Bebel GilbertoTAKING BOSSA NOVA TO THE FUTURE 7/01/2004 8:00 AM Eastern
Following in her family's footsteps, but making her own quick strides to international success, Bebel Gilberto redefines bossa nova with her tantalizing mix of sizzling Brazilian melodies and hip electronica. Four years after her triumphant debut, Tanto Tempo, which was followed by a club-oriented remix version of the album, the stunning singer returns with a new self-titled CD. Her approach is similar to the first recording, but with noticeable differences.
Although Tanto Tempo was Gilberto's first full-length release, she was certainly no stranger to the music business. As the daughter of legendary singer/composer João Gilberto and the renowned singer Miúcha, Gilberto has been around music her entire life.
Indeed, Gilberto's introduction to the world of recording studios actually came when she was seven years old and sang on one of her mother's records. Two years later, the exquisite mother-daughter duo performed with the great jazz saxophonist Stan Getz at Carnegie Hall. Since those extraordinary introductory occasions, she has supported and/or collaborated with a wide array of singers and instrumentalists, including David Byrne, Kenny G., Gal Costa, Laurie Anderson, Nana Vasconcelos, Arto Lindsay, Thievery Corporation, Caetano Veloso and, of course, her father. Most of those followed her migration to New York in 1991, and it was in that musical and cultural melting pot where she developed the broad taste in music so evident on both Tanto Tempo and her latest release.

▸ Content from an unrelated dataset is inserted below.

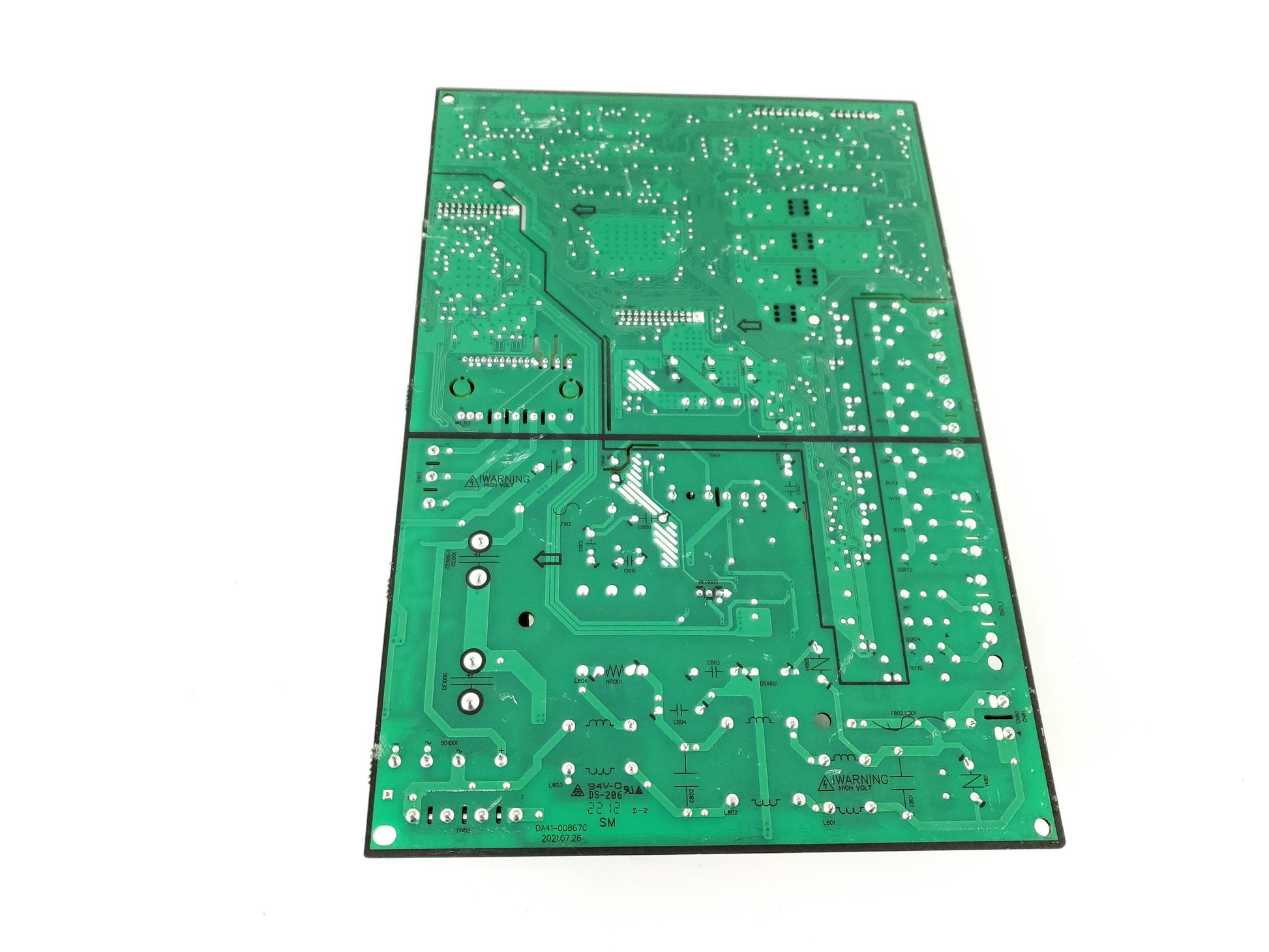 OEM Samsung Refrigerator Control Board DA92-01199R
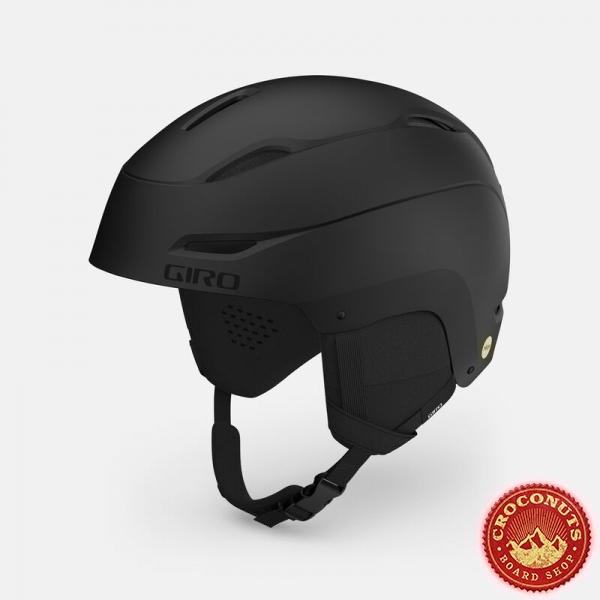 Casque Giro Ratio MIPS Mat Black 2024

The most obvious difference between the two albums is that all of the songs on Bebel Gilberto are original. Secondly, the singer enlisted several top pop-oriented producers, such as Marius deVries (Rufus Wainwright, Björk, Annie Lennox), Pascal Gabriel (Dido, New Order, Kylie Minogue) and Guy Sigsworth (Madonna, Björk, Lamb), along with well-known Brazilian singer/musician Carlinhos Brown. “I wanted this album to be more about Bebel Gilberto the songwriter,” the artist explains. “Instead of just being a singer and doing the standards of bossa nova, I'm trying to create new sounds.
“I wanted to go further with my own instrumentation, ideas and vibe. I think on this CD, it's coming across.” The singer credits the heightened focus on creating her own music to years of grueling tours with her band to support the previous release. Before that, “I was doing 300 different things,” she says, including club dates around New York, studying English, modeling and even acting.

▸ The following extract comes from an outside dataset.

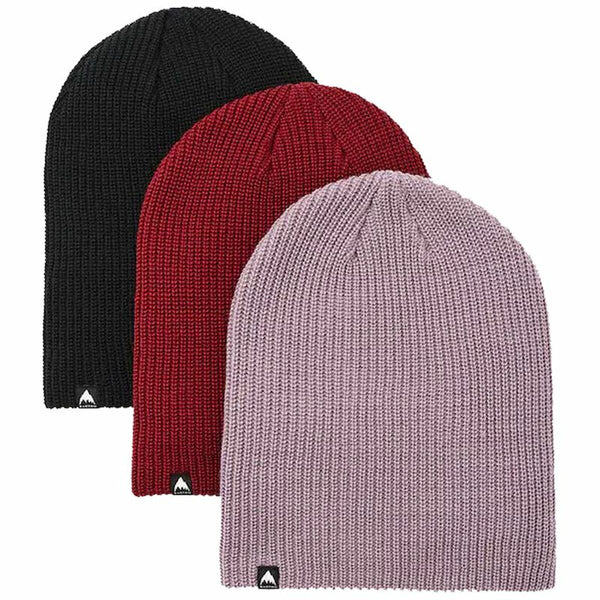 Pălărie Burton Dnd 3 Pack Multicolor Negru Mărime unică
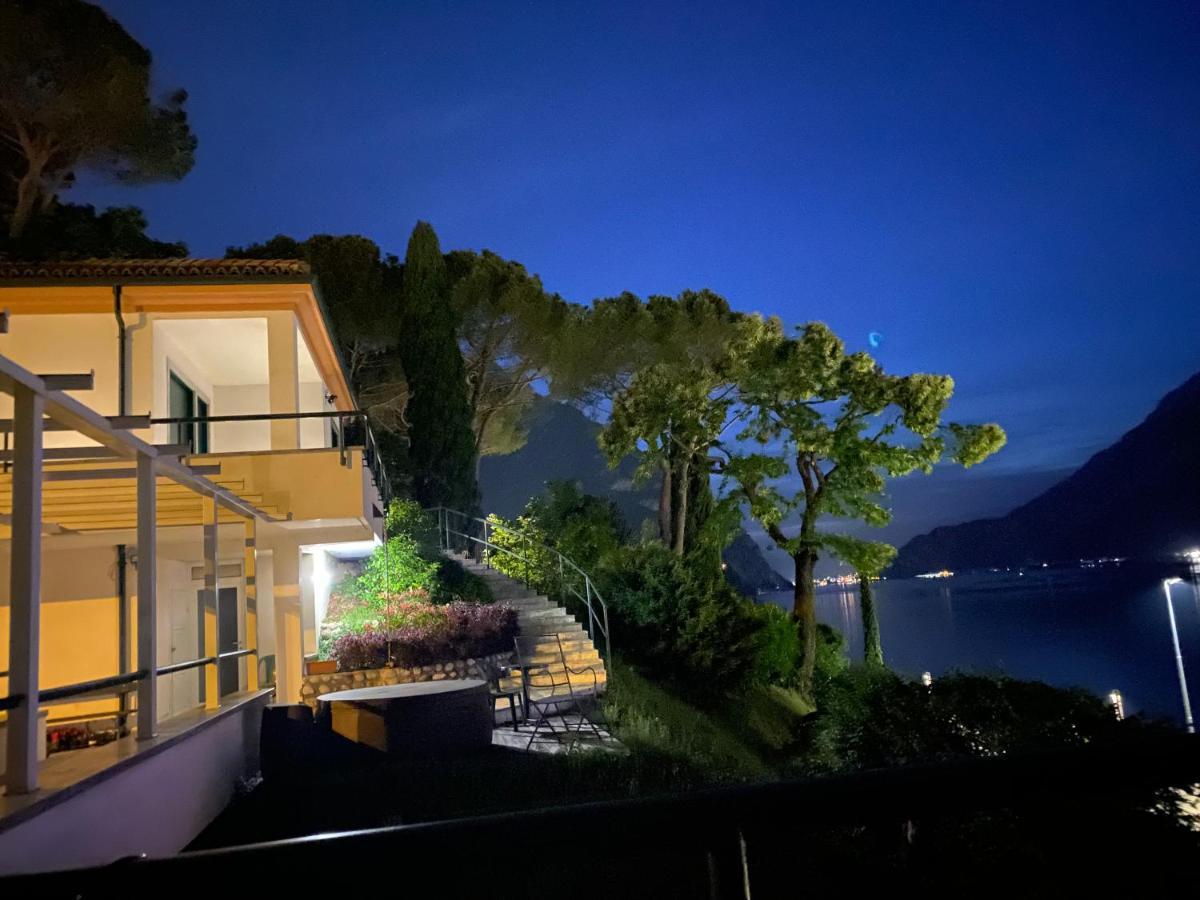 Il Cubetto Antesitum Villa Malgrate Eksteriør billede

Work on the new disc began in early December 2002, when Gilberto and her touring keyboardist and musical director, Didi Gutman, went into Looking Glass Studio (co-owned by Philip Glass) in Manhattan to cut basic tracks to Pro Tools with engineer Hector Castillo. The rest of her band, including guitarist Masa Shimizu, reed player Paulo Levi, drummer Magrus Borges and percussionist Mauro Refosco, also joined her, as did a few spot players. “I like an easygoing vibe and I don't care that much about the technical gear,” she says of her approach in the studio, “but I want to get the right sound on the instruments.”
To get even more of a Brazilian vibe while still recording basic tracks, she went to Rio de Janeiro for Christmas and to Bahia before New Year's Eve. At Gilberto's second stop in her homeland, she stayed with Brown for two weeks and worked on a couple of tracks: “Aganjú” (derived from Xangô, an important figure from the Brazilian religion of Candomblé) and “Jabuticaba” (a popular fruit-bearing tree in Brazil). Sessions were recorded at Ilhas Dos Sapos Studio in Salvador, Bahia, with Alé Siqueira and Flávio DeSouza engineering.
“He's the only Brazilian producer on the CD,” Gilberto says of Siqueira, “and I really admire him a lot. What he did for Brazilian music [founding Timbalada in the '90s, a socially conscious drum ensemble comprising more than 120 instrumentalists and singers], especially these days, is really, really interesting, and I'd like to drink from that water.”
Upon returning to New York in February 2003, Gilberto was introduced to London-based producer deVries through her record label, Six Degrees. She met producers Sigsworth and Gabriel about six months later. “I was looking for someone to help me define my sound, and I really wanted to have different people working with me; basically, [individuals] who were into my system, but not necessarily Brazilian,” she says.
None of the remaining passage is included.